Gabriel Chaile studied Visual Arts at the National University of Tucumán. In 2009 he was awarded with a scholarship by Fundación YPF which allowed him to be a part of the first edition of the Artist Program of Torcuato Di Tella University. In 2010 he was selected to participate of Lipac, an art program by Centro Cultural Ricardo Rojas. His latest works include Diego, curated by Cecilia Alemani (Art Basel Cities, Buenos Aires, 2018), Sonia (El ondulatorio, La Rioja, 2018), Proto, a movie by Gabriel Chaiel (Galería Ruby, Buenos Aires, 2017), Patricia, curated by Laura Hackel (Museo de Arte Moderno, Buenos Aires, 2017), My name is legion because we are many (Centro Cultural San Pablo T, Tucumán, 2016), It’s not my fault if it comes from the river (Centro Cultural Recoleta, Buenos Aires 2015), Leave the furrow to till the earth, delusions of grandeur II (Fondo Nacional de las Artes, Buenos Aires, 2014). Chaile was part of many collective exhibitions in Tucumán, Lima, Montevideo, Paris, Cuenca and Buenos Aires and has participated in art fairs such as arteBA (Buenos Aires), The Armory Show (New York). He lives and works in Buenos Aires.

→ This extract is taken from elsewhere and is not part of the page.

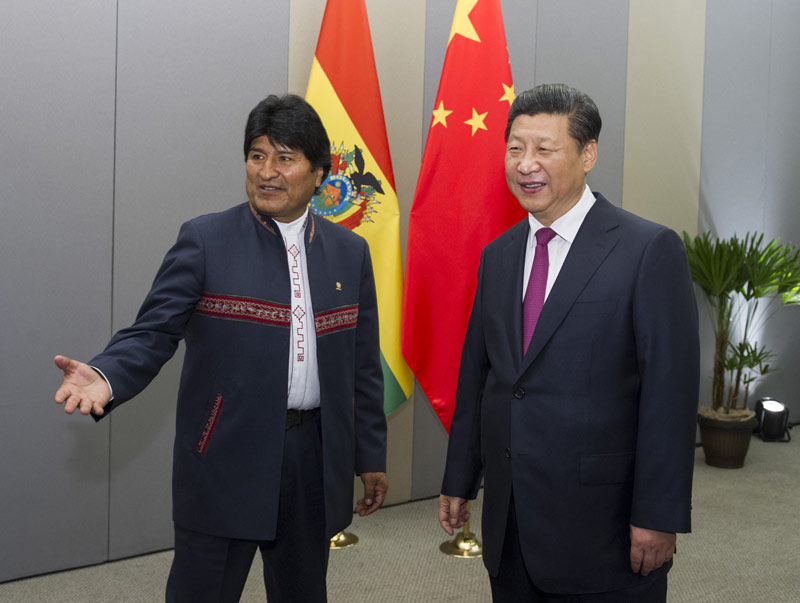 7月16日，國家主席習(xí)近平在巴西利亞會(huì)見玻利維亞總統(tǒng)莫拉萊斯。 新華社記者謝環(huán)馳攝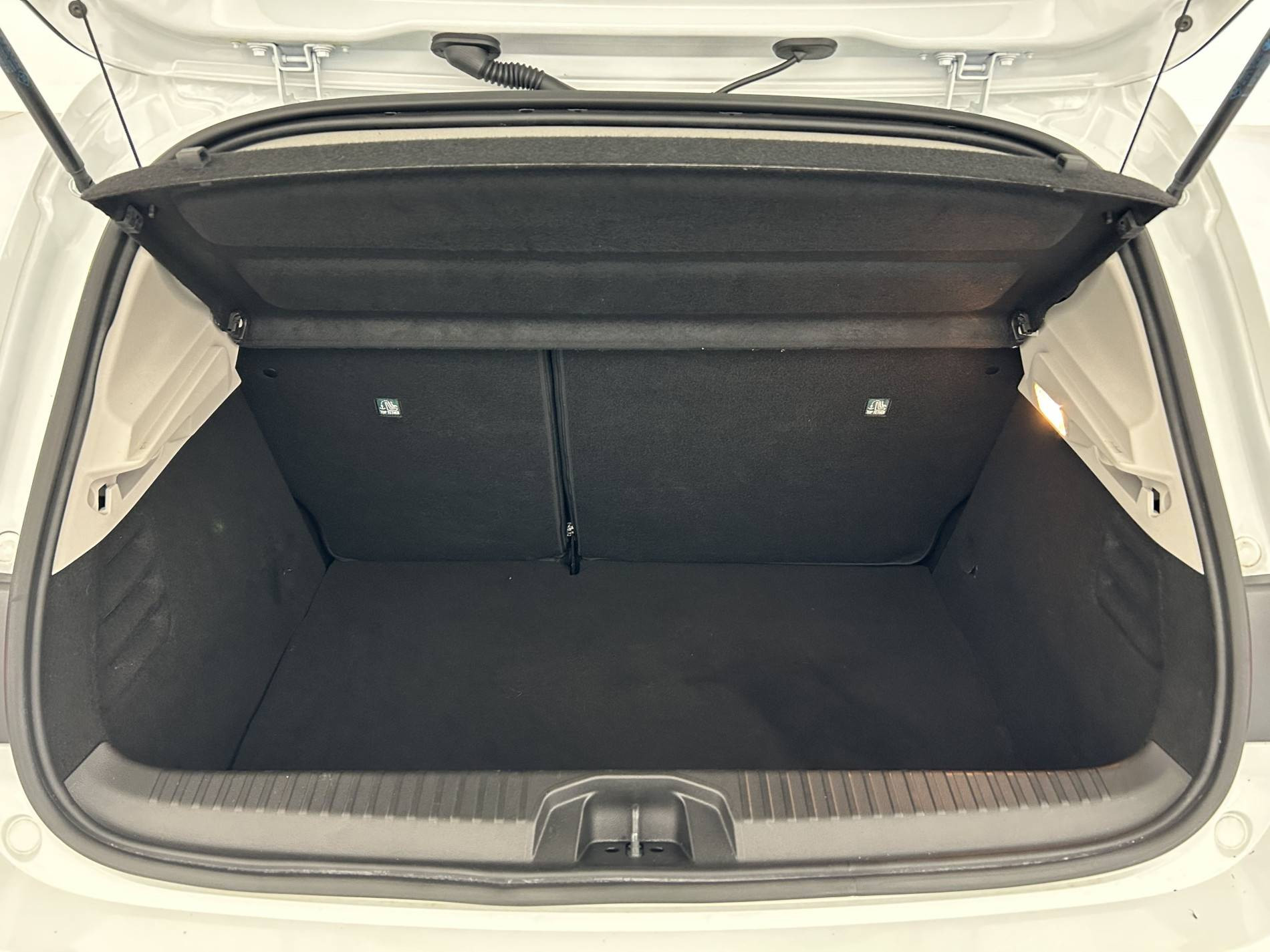 Vente en ligne Renault Clio 5 Clio E-Tech 140 - 21N au prix de 16 590 €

In the works of Gabriel Chaile there is a critical- poetical intersection between anthropology, the sacred and its rituals, the political, and pre-Columbian communities of South America, interpreted artistically and with certain eccentricity and sense of humor. Gabriel carries out his anthropological and visual research beginning from two key concepts that are present all across the body of his oeuvre. These are the Engineering of Need, consisting on creating objects and structures from art that collaborate in improving the conditions of a certain borderline situation; and the Genealogy of Shape, which implies acknowledging that every object in its historical repetition provides a story to tell, that is recovered and updated in relation to the new context. The artist utilizes both axioms to make sculptures, do paintings, and build big scale installations that allow several communities overshadowed by history and power structures to gain visibility and have a voice. Gabriel acts like a visual anthropologist: he studies his surrounding context, deconstructs it in new morphologies, charges it with new meaning and throws it into the world in the form of objects and images inviting to reflect on the relation between each other.